### RECORDED INFORMATION

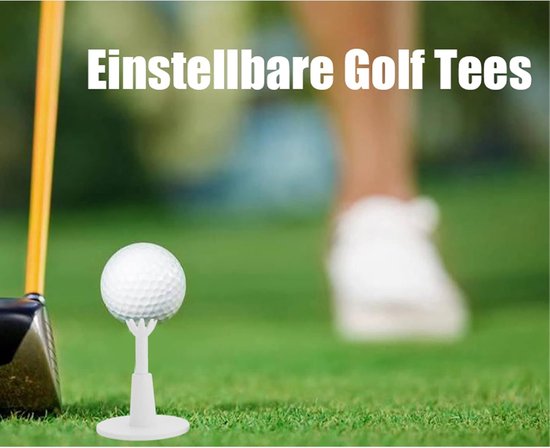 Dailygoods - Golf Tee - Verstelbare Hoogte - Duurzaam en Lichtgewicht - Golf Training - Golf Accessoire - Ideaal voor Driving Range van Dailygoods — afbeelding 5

---

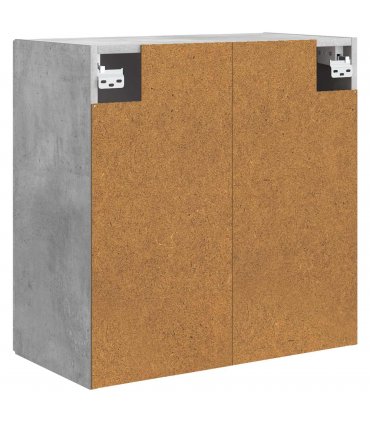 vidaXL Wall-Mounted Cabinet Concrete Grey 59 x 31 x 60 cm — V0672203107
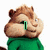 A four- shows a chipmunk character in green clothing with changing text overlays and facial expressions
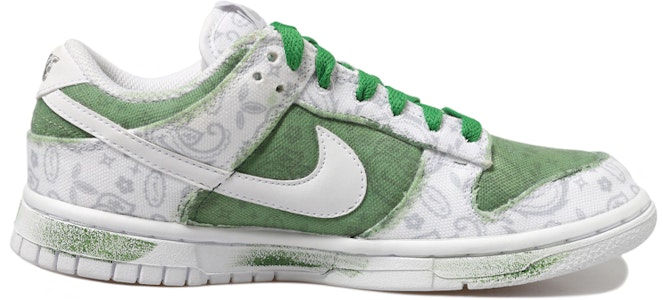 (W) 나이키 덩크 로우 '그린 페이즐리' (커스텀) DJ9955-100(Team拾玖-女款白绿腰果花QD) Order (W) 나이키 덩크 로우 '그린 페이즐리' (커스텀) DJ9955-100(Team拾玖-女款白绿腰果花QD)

--

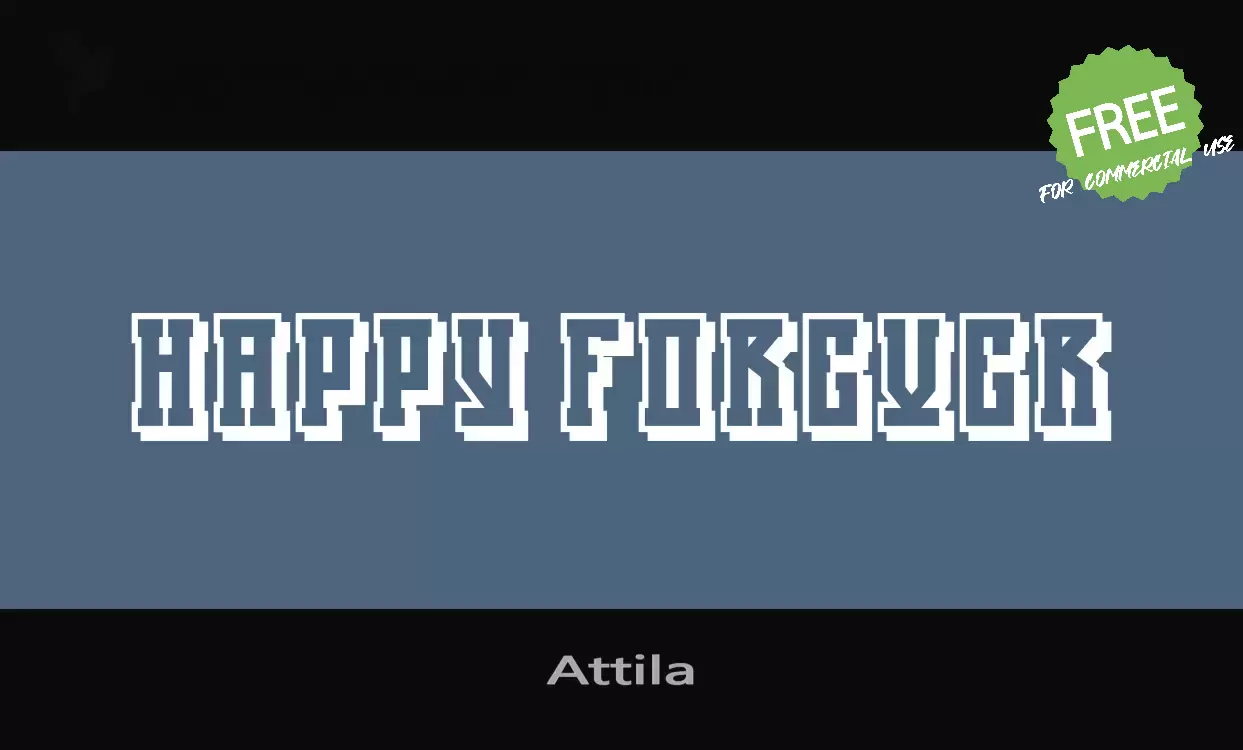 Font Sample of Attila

### TASK DIRECTIONS
From the records above, quote word for word only the lines beginning at the line that has "vidaXL Wall-Mounted Cabinet" and stopping after the line that has "(W) 나이키 덩크 로우 '그린 페이즐리' (커스텀) DJ9955-100(Team拾玖-女款白绿腰果花QD) Order". Omit the pictures.

### SOLUTION TO THIS TASK
 vidaXL Wall-Mounted Cabinet Concrete Grey 59 x 31 x 60 cm — V0672203107
 A four- shows a chipmunk character in green clothing with changing text overlays and facial expressions
 (W) 나이키 덩크 로우 '그린 페이즐리' (커스텀) DJ9955-100(Team拾玖-女款白绿腰果花QD) Order (W) 나이키 덩크 로우 '그린 페이즐리' (커스텀) DJ9955-100(Team拾玖-女款白绿腰果花QD)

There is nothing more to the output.